© Brittany W. Verge - The Advance
LIVERPOOL - Riiny Ngot, a former “Lost Boy” of the second Sudanese civil war, came to Liverpool Regional High School on April 4 to do a presentation on his life and his experiences in Sudan and Canada.
Standing at over 7 ft. 2 in. Ngot was not hard to miss when he came to the high school. His name in fact means “stretch” in his mother tongue. He is from the Dinka tribe who are known as some of the tallest people in the world.
Ngot started his story by showing the students the last photo he had taken with his parents before the war reached his area. Ngot grew up in Wua in the Sudan. He describes himself as a disobedient and spoilt child, which led his parents to send him to his grandparents’ village the day the bombing started. Ngot was just 11-years-old.
Members of the Dinka tribe traditionally tend cattle and children often help herd them, which is what Ngot was doing that day. Ngot says he was in the barn in his grandparents’ village when the village was bombed. When he came out, everyone around him was dead.
“First thing that came into my head was my sister,” says Ngot.
Ngot found his eight year old sister in a burning hut two miles away. He rescued his sister and both siblings received burns that would leave lasting scars.
Ngot and his sister eventually joined a group of wandering boys, including his best friend, which became known as the “Lost Boys of Sudan.” At one point the group reached 20,000 members. The boys were presumably orphans made of the Dink and Nuer tribes. Many had escaped death by having been in the fields tending cattle.
The group sought refuge in ,Ethiopia and Kenya, they traveled over 1600 kms over three countries before they got to the refugee camps.

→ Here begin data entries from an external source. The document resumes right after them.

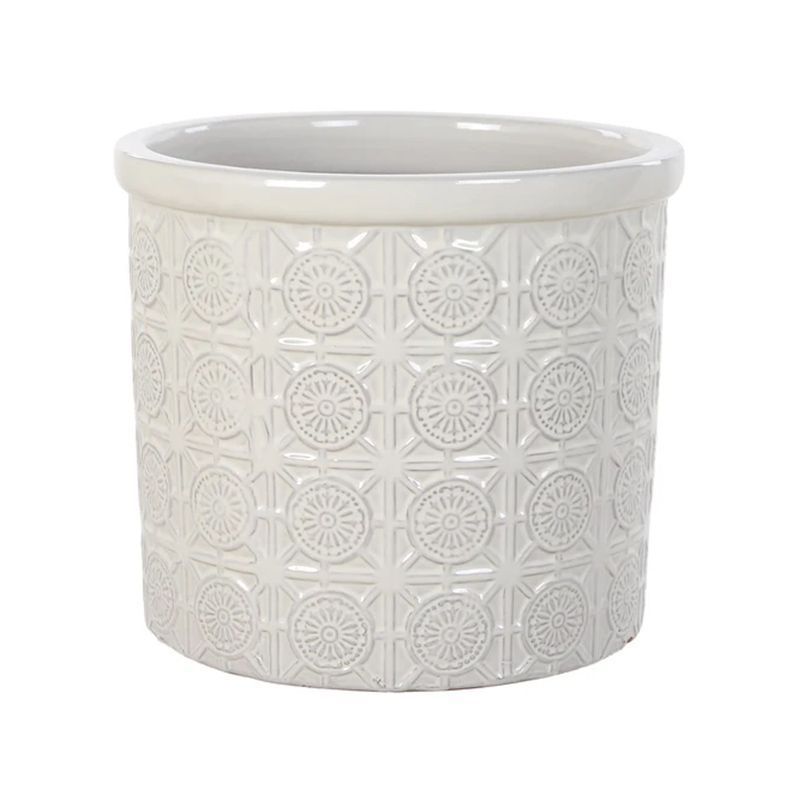 Moroc Outdoor Plant Pot Cream - 20cm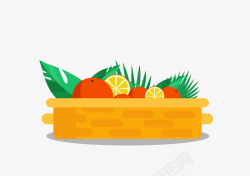 料理机水果扁平水果叶子插画矢量图高清图片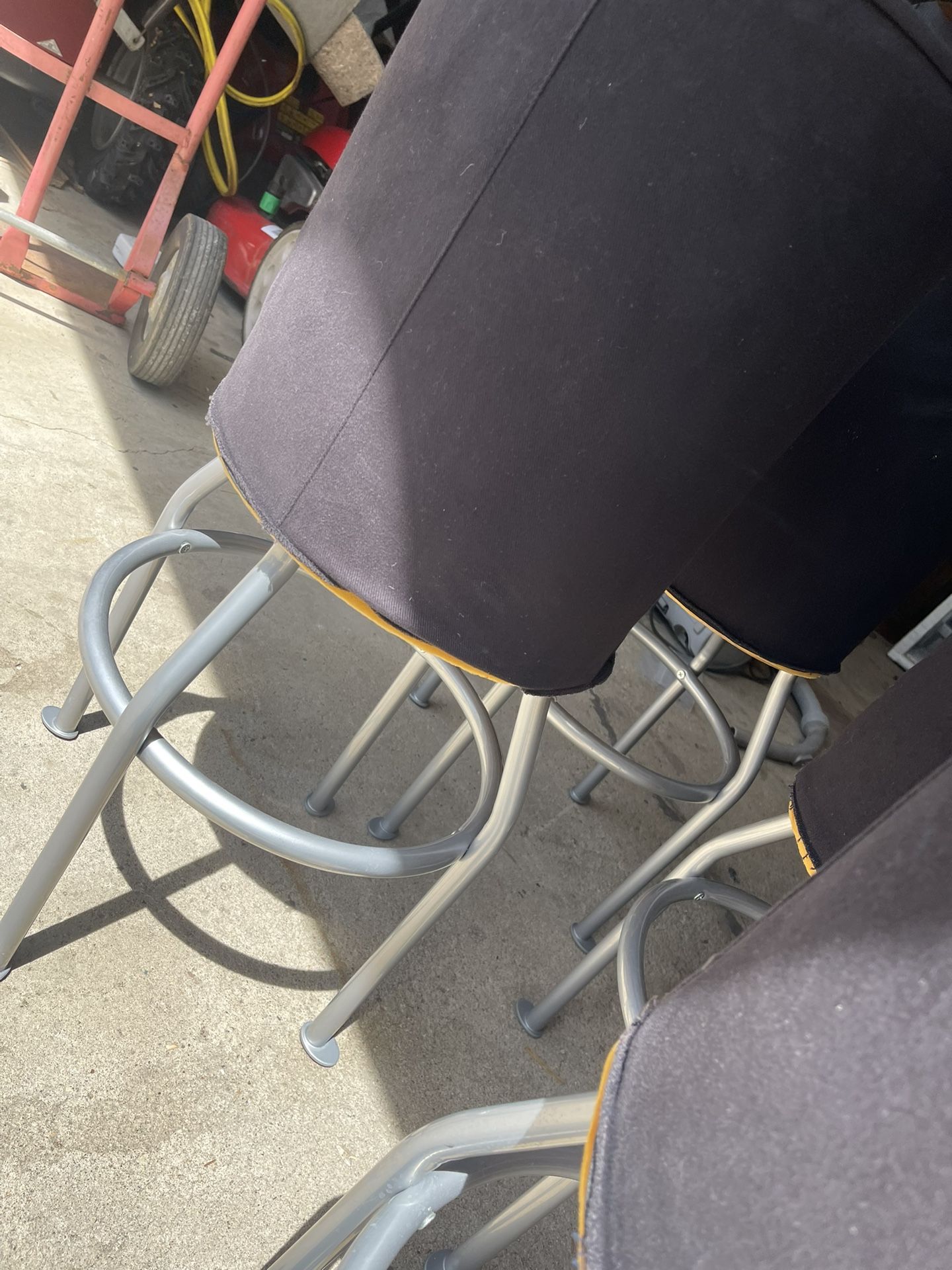 Four Cushion topped bar stool
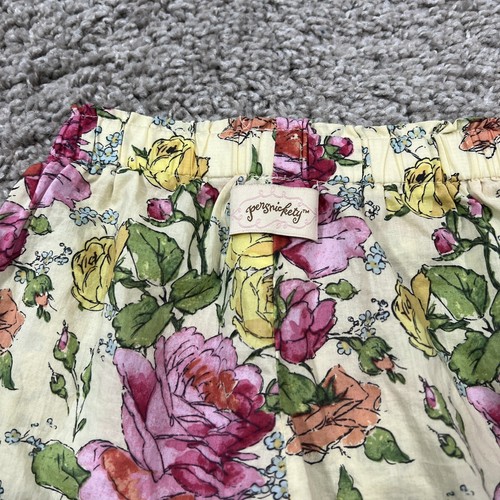 Persnickety Girls Multicolor Floral Flared Ruffle Pants Size 5 Years - Picture 7 of 7
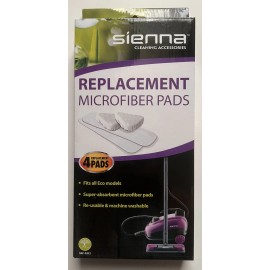 SIENNA Steam Mop Replacement PADS - 4 Pack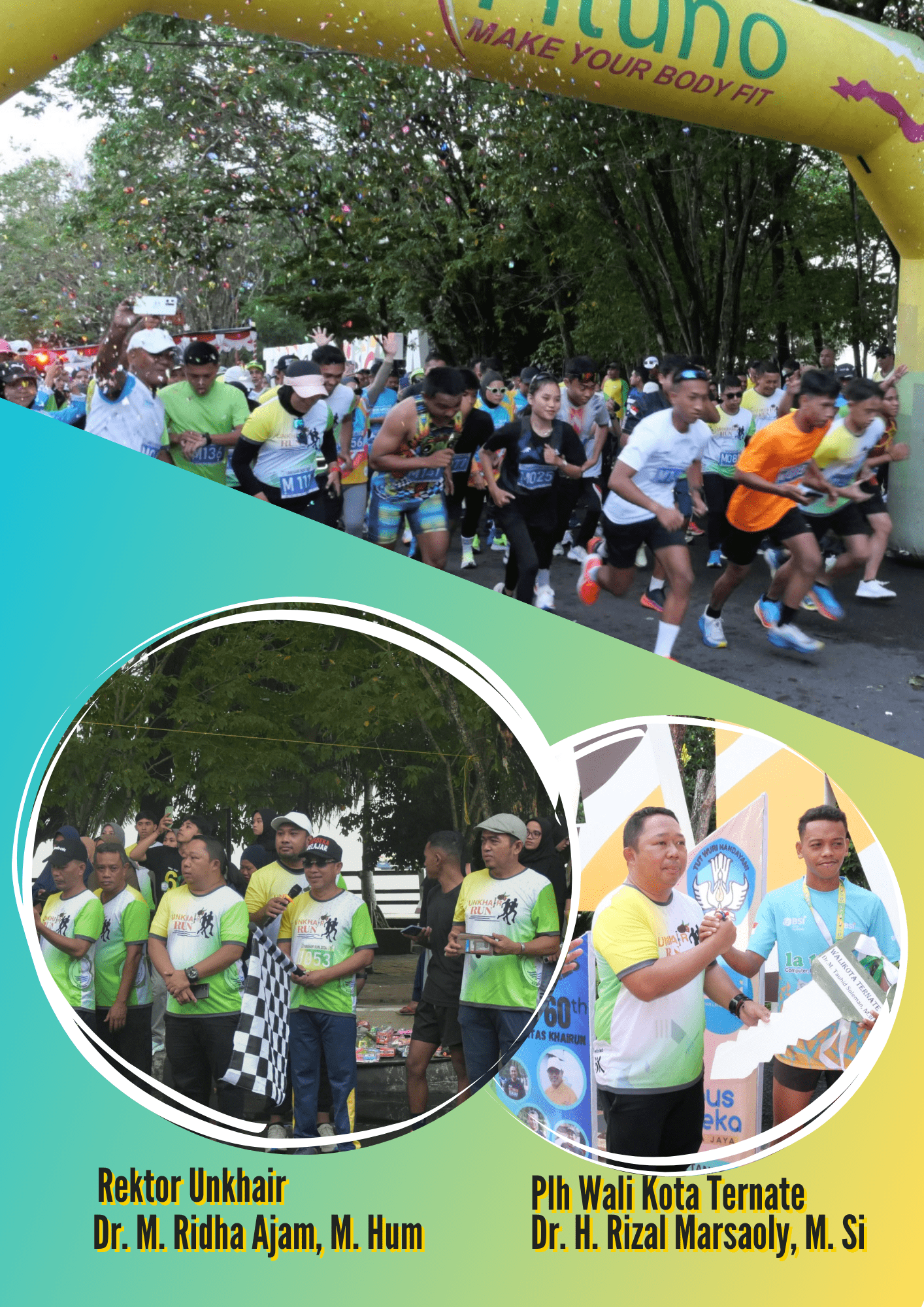 Fun Run Dies Natalis ke-60 Unkhair, Diramaikan Ribuan Pelari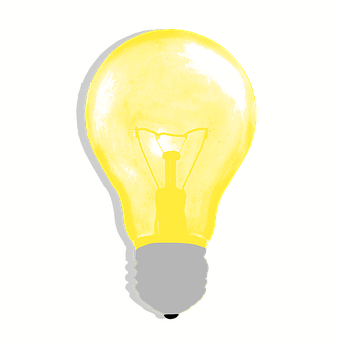 Illuminated Lightbulbon Black Background PNG image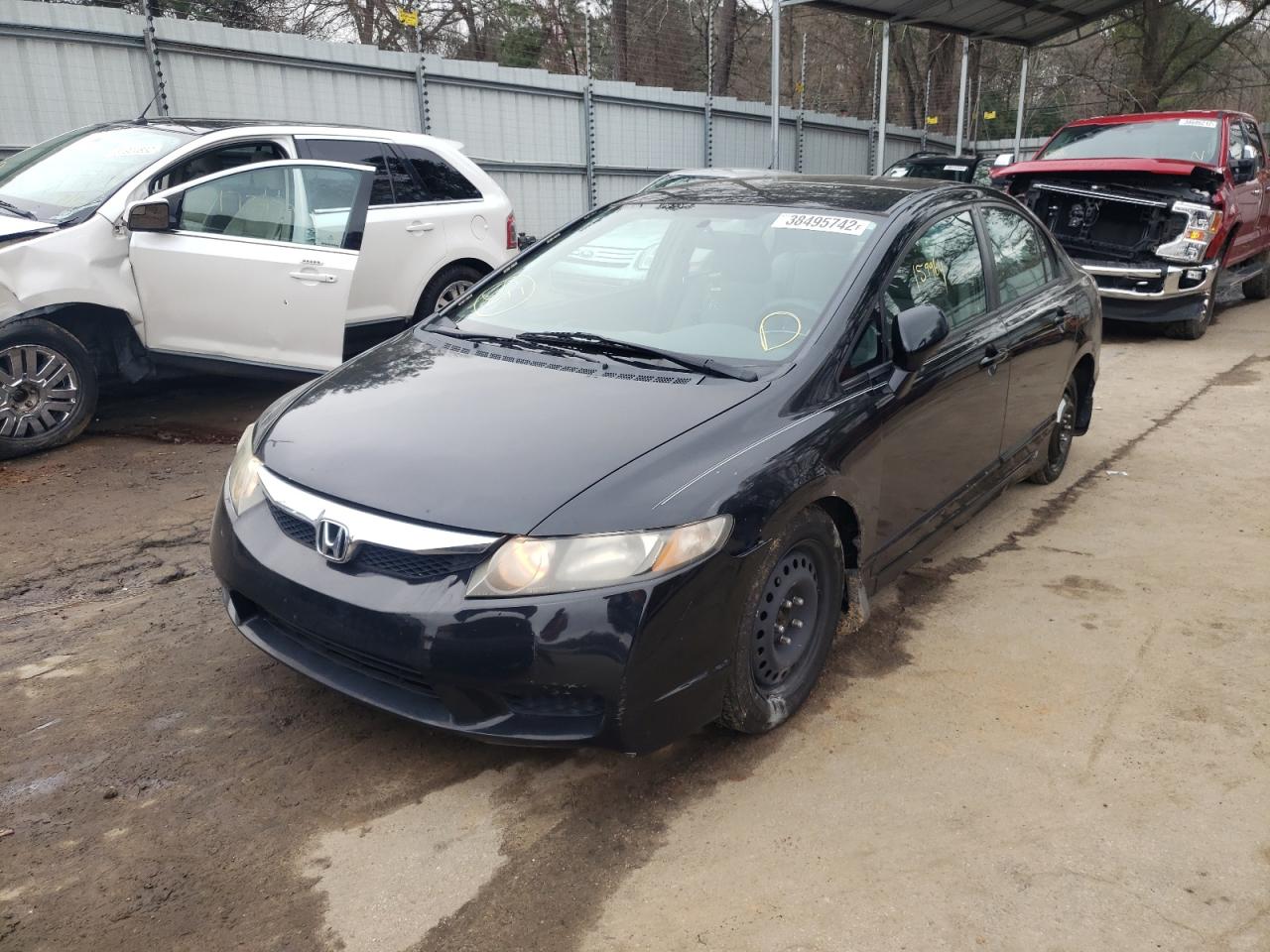 Photo 2 from auction – 2011 HONDA CIVIC LX with VIN 19XFA1F55BE004488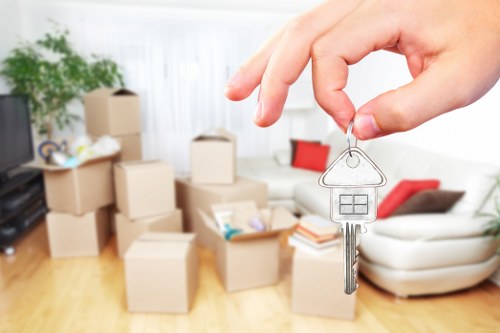 Packing and moving process for a Chessington house relocation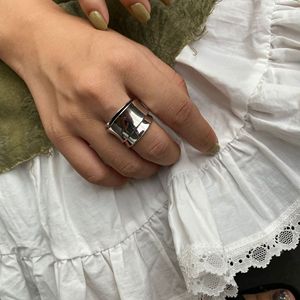 Anello da donna di alta gamma Fashion Maillard Chocolate con smalto <span class=keywords><strong>rosso</strong></span> <span class=keywords><strong>vino</strong></span> a doppio strato e doppia apertura, gioielli da donna - Product Image 5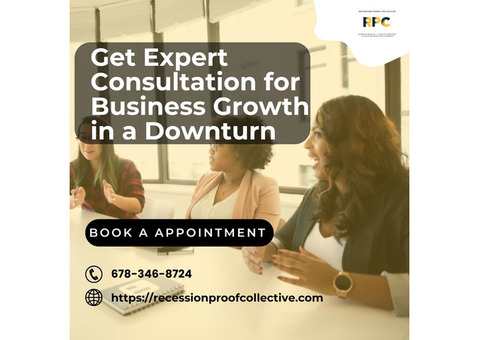 Get Expert Consultation for Business Growth in a Downturn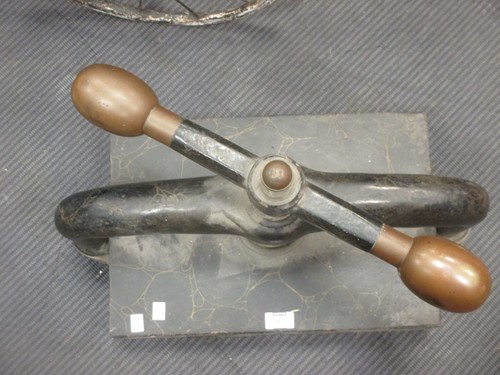 Lot 163 - A book press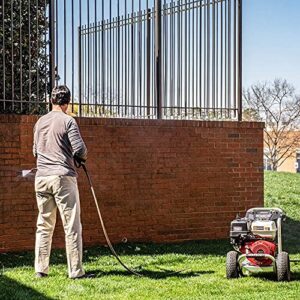 Simpson Cleaning ALH4240 Aluminum Series 4200 PSI Gas Pressure Washer, 4.0 GPM, HONDA GX390 Engine, Includes Spray Gun and Extension Wand, 5 QC Nozzle Tips, 3/8-inch x 50-foot Monster Hose, (49 State)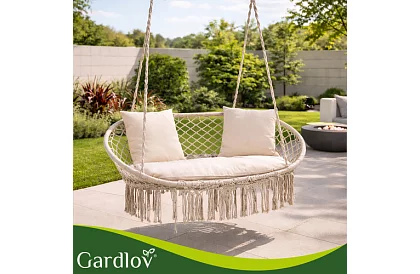 Kerti kétszemélyes hinta párnákkal - 300 kg-ig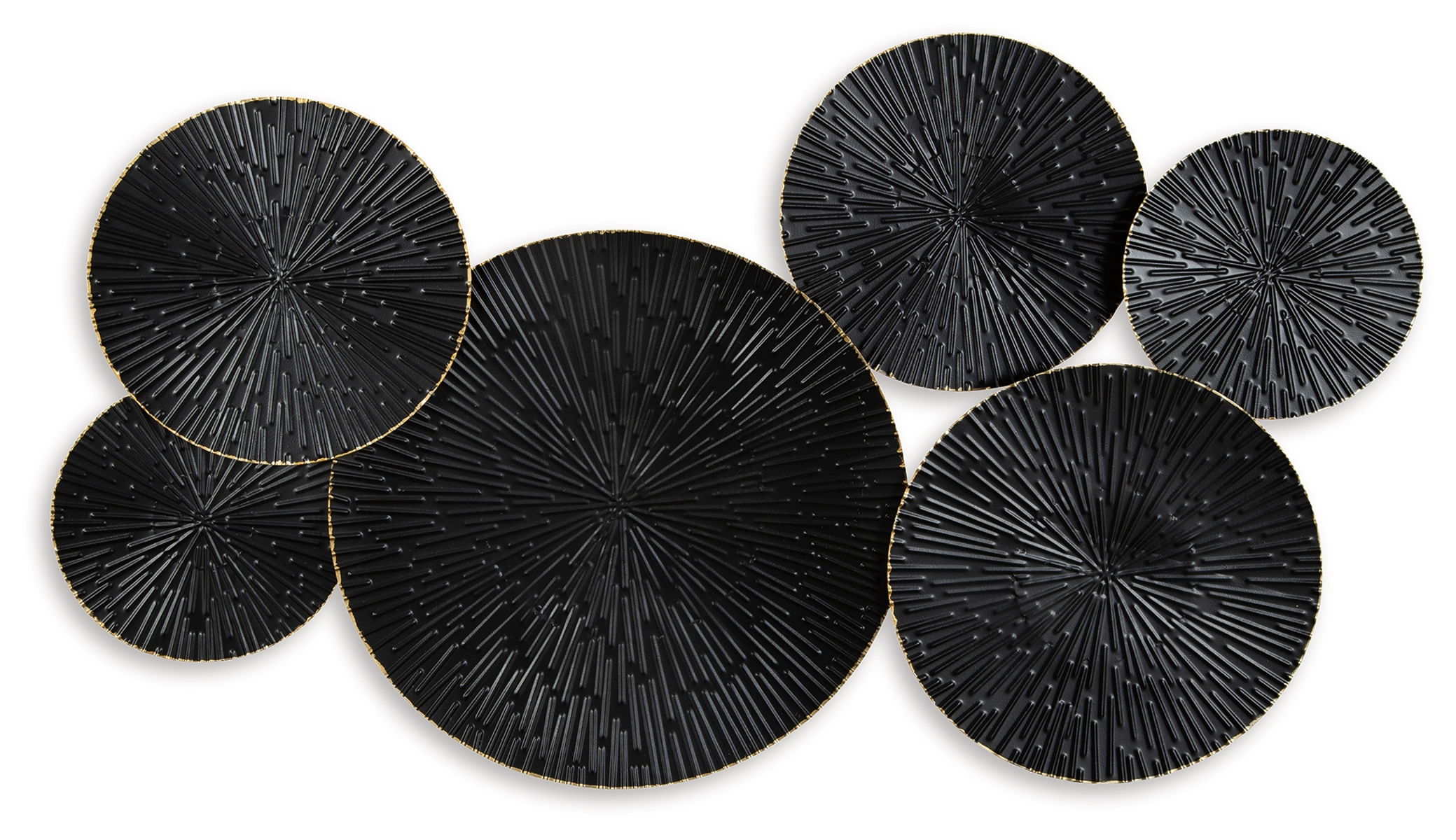 Rhetlen – Black / Gold Finish – Wall Decor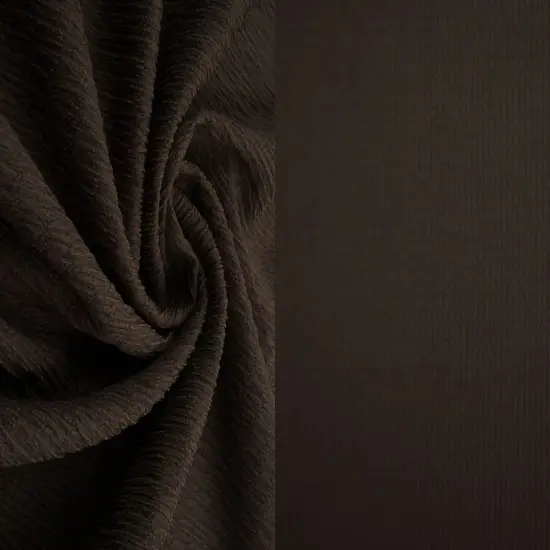 1 Yard Solid Crinkle Jersey Knit Fabric Soft Stretch 58/60 Inches Wide ROSE LT {2}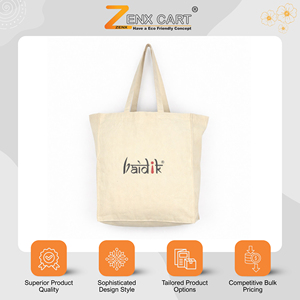 Offre incroyable sur des sacs fourre-tout en coton gris de haute qualité, taille personnalisable, 310 GSM, pour une utilisation promotionnelle en vente - Product Image 2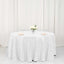 Sequin 120" Round Tablecloth White - Seamless Glittering Design for Sophisticated Events - Linen Luxes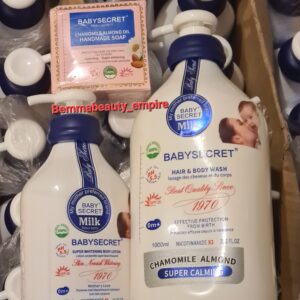 Baby secret Chamomile Almond Super Whitening lotion + Shower gel +bar Soap 3n1pcs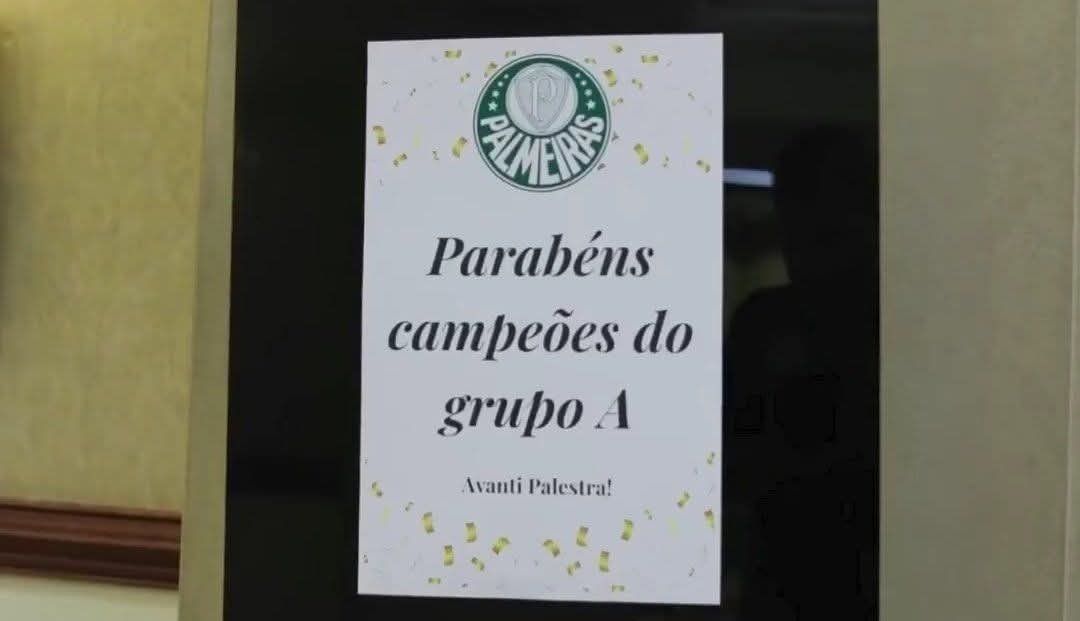 O Palmeiras é alérgico a mundial.
Toma ai o título de vocês.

Many of the children perished along the way from hunger and bombs that were dropped on and around them.
Near the end of their journey, Ngot describes a horrific scene of carnage in a swollen river the group had to cross on the border of Kenya. The river was filled with crocodiles. Ngot says although he did not listen to his parents as much as he should have, it was his father’s words that gave him courage to strap his sister on his back and swim across the river.
“He would say, it’s time to be a man,” says Ngot.
Ngot’s best friend was not so lucky. He was one of the many children who were killed in the crocodile infested waters despite Ngot’s best efforts to help him cross.
After joining the refuge camps, his aunt who was living in Red Deer, Alberta found him via an online database. She began sponsoring him and his sister to get them to Canada. Tragedy struck again however when Ngot’s aunt was killed by her ex-boyfriend.
“It didn’t stop me from persevering,” says Ngot.
Ngot and his sister were saved from going back to the refuge camp when a worker at the Canadian embassy found a friend of his aunt who decided to adopt them. That’s when his story takes a turn for the better.
In Canada, Ngot and his sister thrived. He shows a photograph of his first winter coat that had sleeves several inches too short. He chuckles about his first day at school and experiencing -30C degrees for the first time.
“I went into the kitchen and whispered to my sister: ‘Do you think we can survive this weather?’ I thought I was going to die,” says Ngot.
Ngot became a star basketball player in his high school and although he tore his knees playing basketball at a college in the USA he continued to pursue it at St. Francis-Xavier University in Antigonish, Nova Scotia.
That’s where Ngot is now, finishing his degree. He also discovered that his parents are still alive. He was re-united with them in 2010 when he went back to Sudan for a visit, but considers Canada “home.”
Ngot regularly does presentations at schools to share his story with students.